0
votes

I start clustering using simple k-mean clustering in weka

after the clustering this result show

Number of iterations: 9

Within cluster sum of squared errors: 570.1974952009115

my questions:

  1. the number of sum of squared errors is huge does this mean my number of cluster is wrong ? and how to define the optimistic number of clusters ?

  2. how to split the data into training and test set to evaluate the performance ? and how to know the right percentage ?

  3. how to measure the SSB

2

2 Answers

1
votes

1.1 In k-means it's you who decides how many clusters to pick. You probably know this already.

1.2 In k-means there is no optimal number of clusters as in "global maximum of a function graph". You decide with respect to your business problem.
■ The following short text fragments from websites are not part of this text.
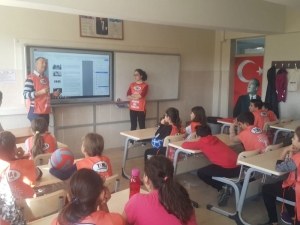 Burhaniye’de Öğrencilere Erozyon Semineri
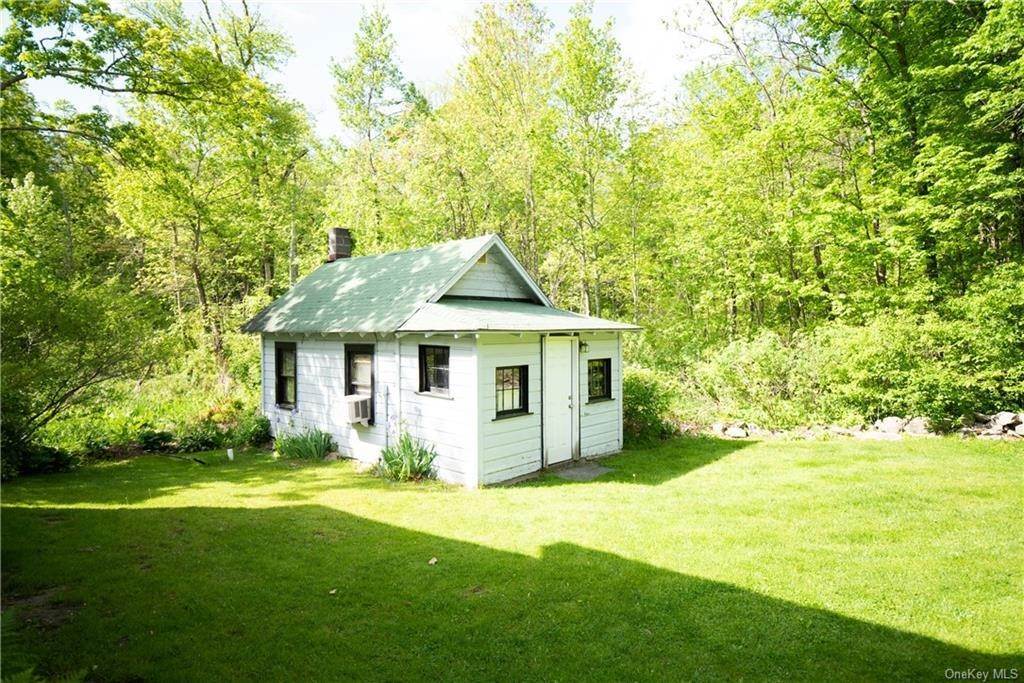 15. Residential for Sale at 404 N Riverside Road Highland, New York 12528 United States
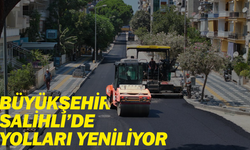 Manisa Büyükşehir Belediyesi, Salihli’de 4 Caddeyi Sıcak Asfaltla Yeniliyor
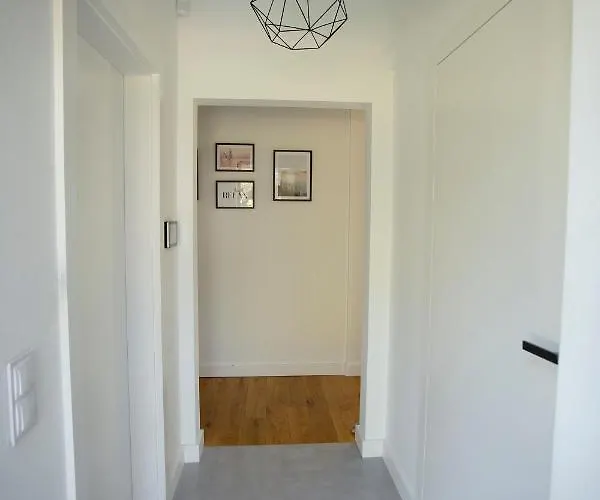 Dom Na Cuplu Cupel (Legionowo)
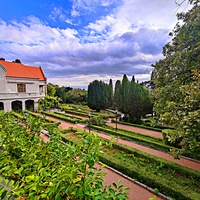 Территория санатория "Днепр" (бывшего дворцово-паркового ансамбля Харакс). Автор финального проекта и дворца и парка (1909г.) - архитектор Николай Петрович Краснов, объединивший архитектуру и ландшафт в стиле позднего модерна. Дворец Харакс.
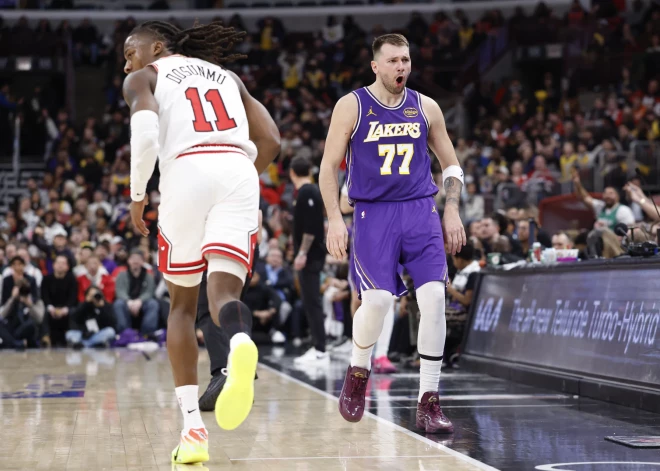 Luka Dončičs pievienojas Kobem Braientam vienā spēlē gūtajos statistikas rādītājos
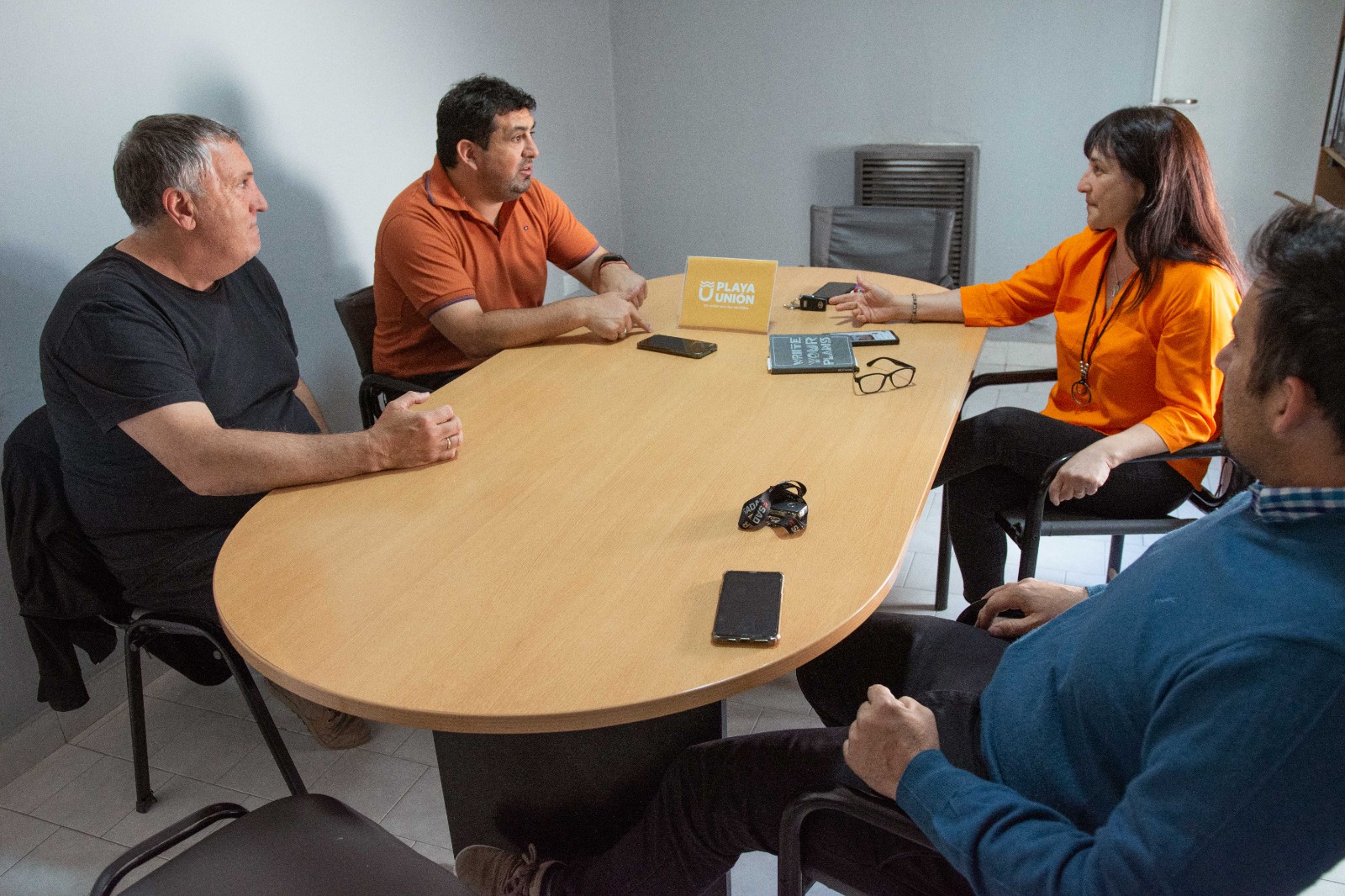 Coordinan acciones ambientales para el desarrollo de la temporada de verano en Playa Unión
See also "elbow method" for a semi-empirical procedure that seldom works in practice.

1.3 You might have outliers in your data which make the sum of squares large for any clustering operation. The outliers are always far away from your cluster centers, no matter how many clusters you pick .
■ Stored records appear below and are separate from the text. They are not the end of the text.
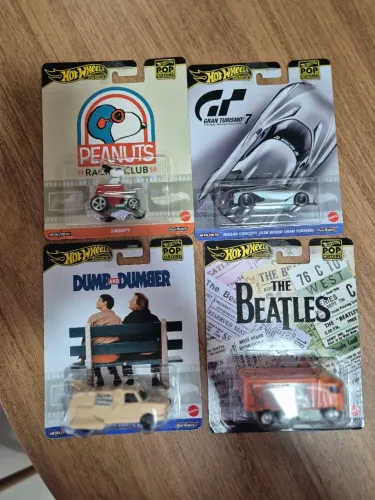 Hot Wheels Pop Culture - Set com 4 miniaturas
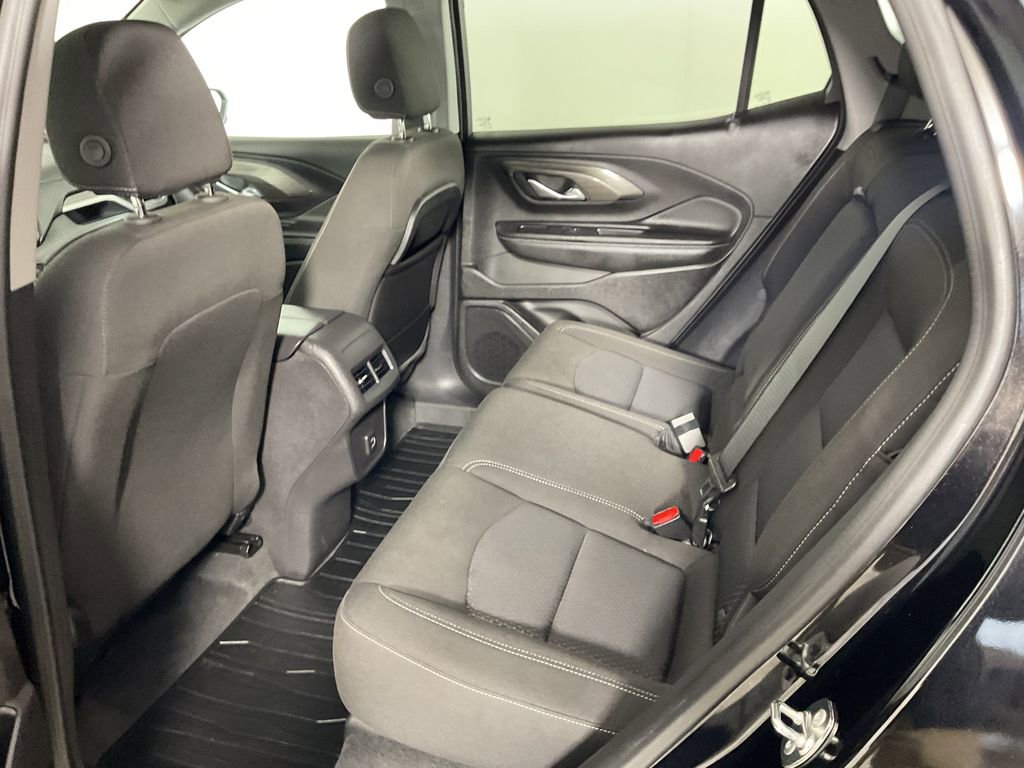 Used 2024 GMC Terrain SLE image 19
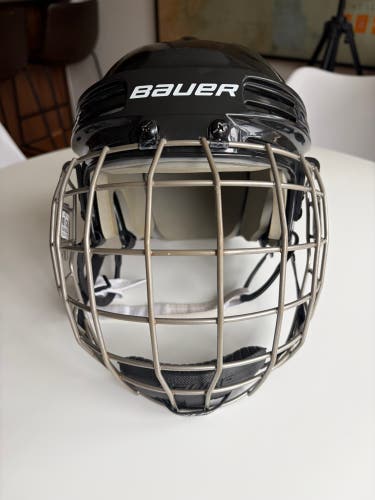 Used Black Medium Bauer 3500/4500 Helmet with medium True Vision II cage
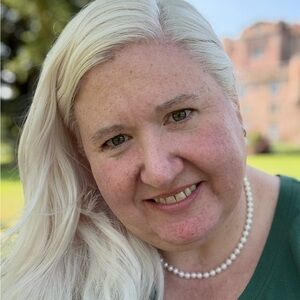 Meet your Posher, Deirdre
2.1 There is no "optimal" percentage split.

2.2 You could use visualization to check if there is any overlap in the clusters. It's also more understandable for your audience to see the "decision boundaries".

3.1 What is SSB?

0
votes

I'm attaching code for the Elbow method in case anyone wants to do a quick test.

import numpy as np
import pandas as pd
from sklearn.cluster import KMeans
import matplotlib.pyplot as plt

X = pd.read_csv("data.csv")
X = data.select_dtypes(np.number) #If all your data is numerical, you dont have to do this

from sklearn.cluster import KMeans
wcss = []

for i in range(1,50):
    model = KMeans(n_clusters = i, init = 'k-means++',
                  max_iter=300,n_init=10,random_state=0)
    model.fit(X)
    wcss.append(model.inertia_)

plt.figure(figsize=(10,7))
plt.plot(range(1,50), wcss)
plt.title("Elbow Method")
plt.xlabel("No. of clusters")
plt.ylabel("WCSS")

If you have time and patience, you can make an outer loop to loop around random state and record it.